Moor Mother (Camae Ayewa) ist Musikerin, Poetin, bildende Künstlerin und Aktivistin. 2016 erschien ihr Debütalbum »Fetish Bones« bei Don Giovanni Records. Magazine wie The Wire, Jazz Right Now und Rolling Stone lobten das Album als eines der besten des Jahres. Kurze Zeit später folgte mit »The Motionless Present« ihr zweites, sowie Ende 2019 mit »Analog Fluids of Sonic Black Holes« ihr drittes Album.

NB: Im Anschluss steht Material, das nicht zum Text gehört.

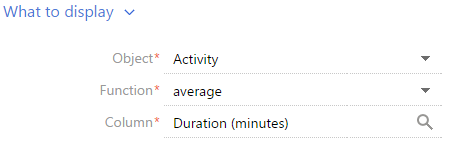 chapter_dashboards_what_to_show_indicator.png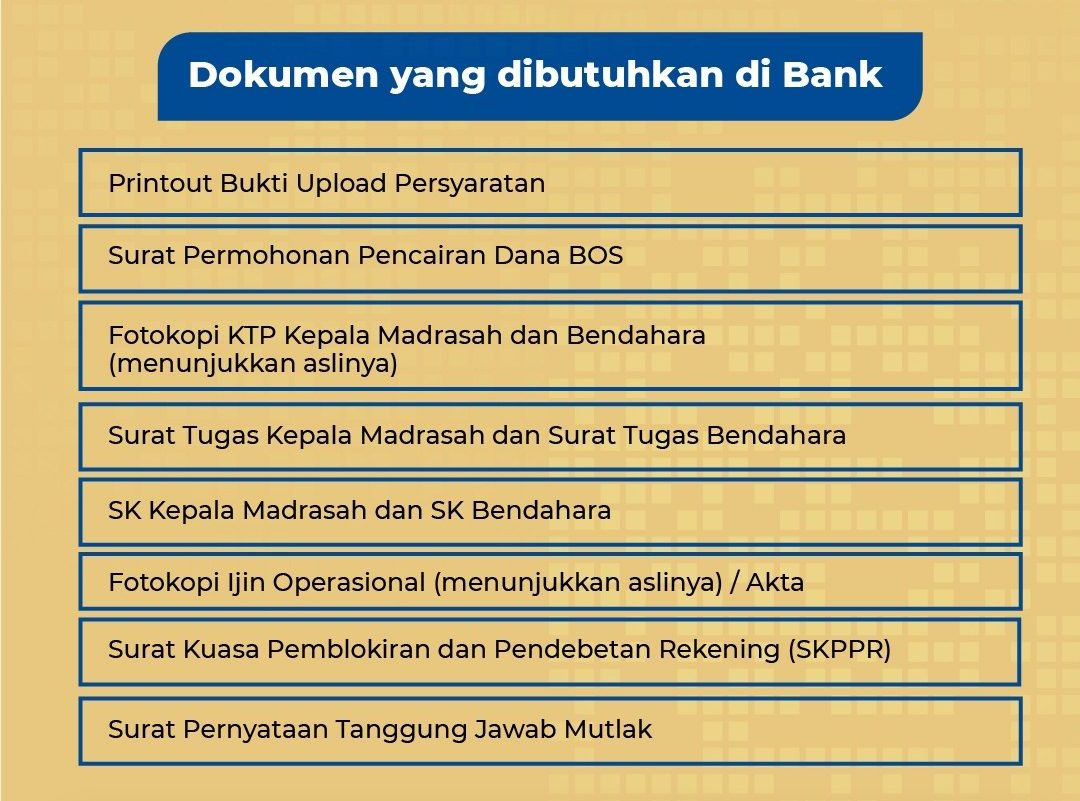 Detail Contoh Surat Pencairan Dana Bank Nomer 41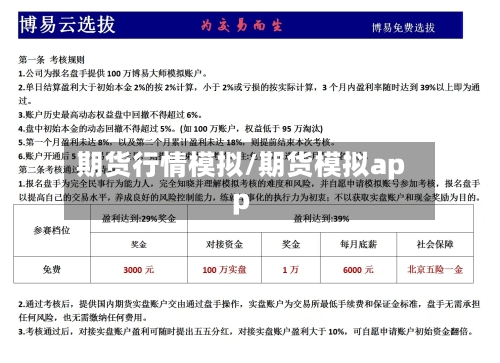 期货行情模拟/期货模拟app-第1张图片
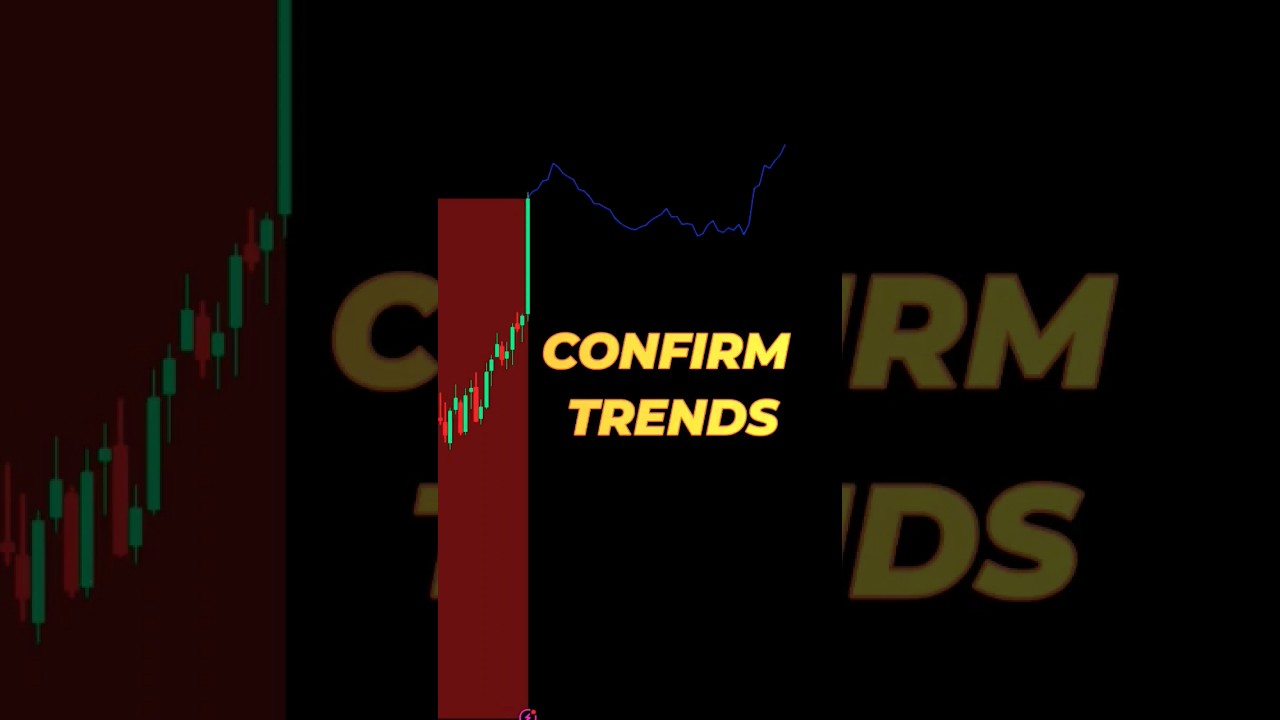 Use ECHO FORECAST Indicator Correctly - Trend Prediction & Confirmation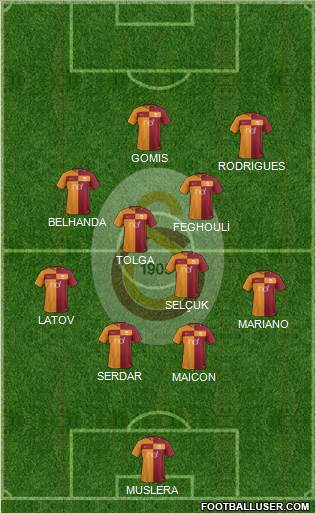 Galatasaray SK Formation 2018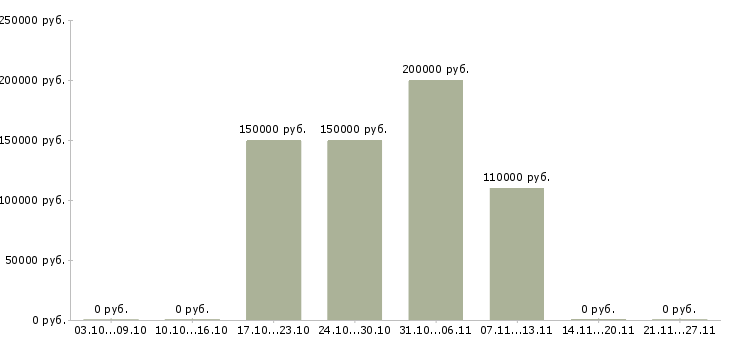 Вакансии директор по развитию и продажам Йошкар-ола - Медиана зарплат директор по развитию и продажам Йошкар-ола за 2 месяца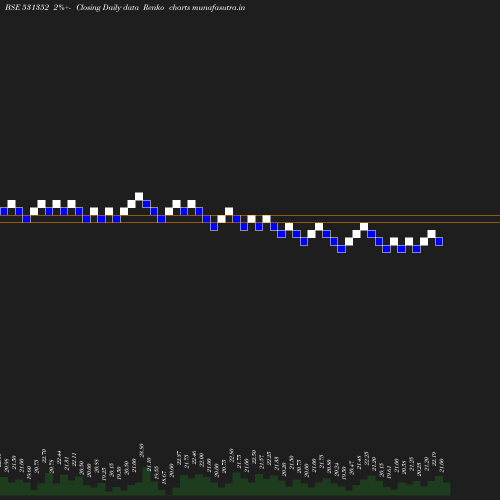 Renko chart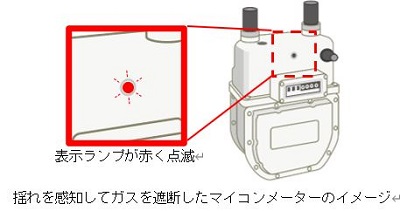 揺れを感知してガスを遮断したマイコンメーターのイメージ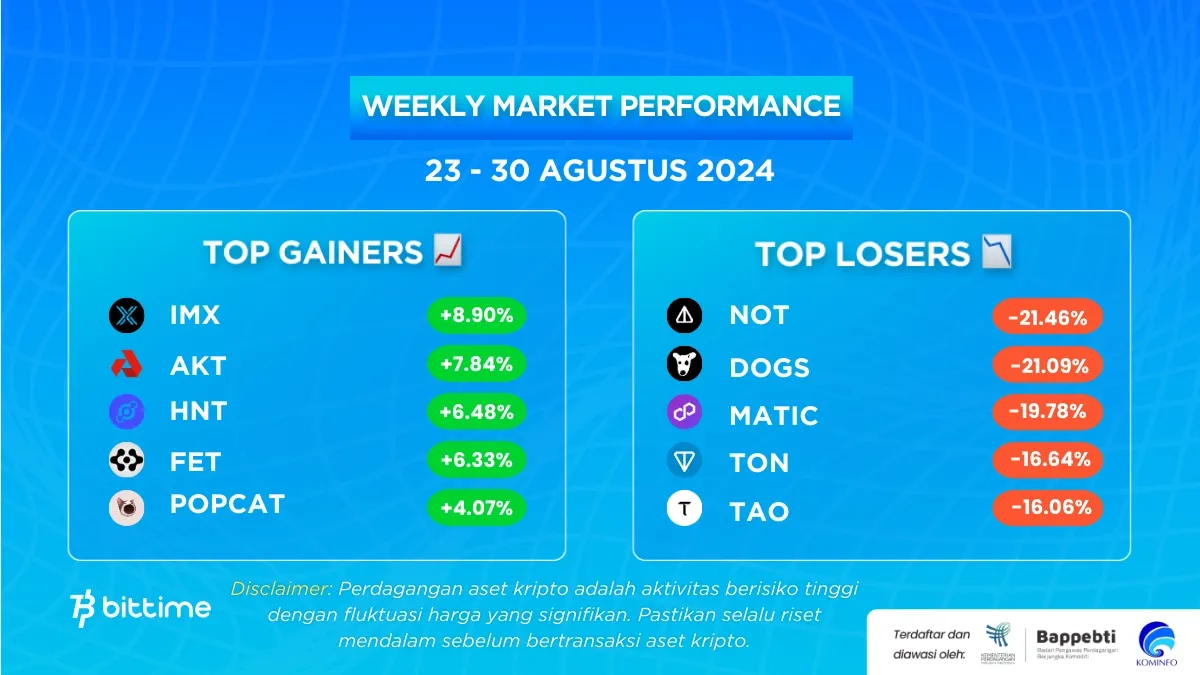 Market Crypto Minggu Ini 23-30 Agustus 2024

In den vergangenen Jahren war Moor Mother auf zahlreichen Festivals, in Museen, Galerien und an Universitäten zu Gast. Sie stand mit Theoretiker*innen, Autor*innen und Künstler*innen wie bell hooks, Roscoe Mitchell, King Britt und Claudia Rankine auf der Bühne. Mit dem legendären Art Ensemble of Chicago verbindet sie eine Arbeitsbeziehung. Sie ist regelmäßig in Kollaborationen aktiv – ihre aktuellste Veröffentlichung entstand etwa gemeinsam mit der Flötistin und Komponistin Nicole Mitchell. Zudem ist sie Teil der Projekte Irreversible Entanglements, Moor Jewelry und 700 Bliss. Mit der Künstlerin, Aktivistin und Schriftstellerin Rasheedah Phillips bildet sie das multidisziplinäre Kollektiv Black Quantum Futurism, das auf der Grundlage des Afrofuturismus an neuen Zeitmodellen arbeitet.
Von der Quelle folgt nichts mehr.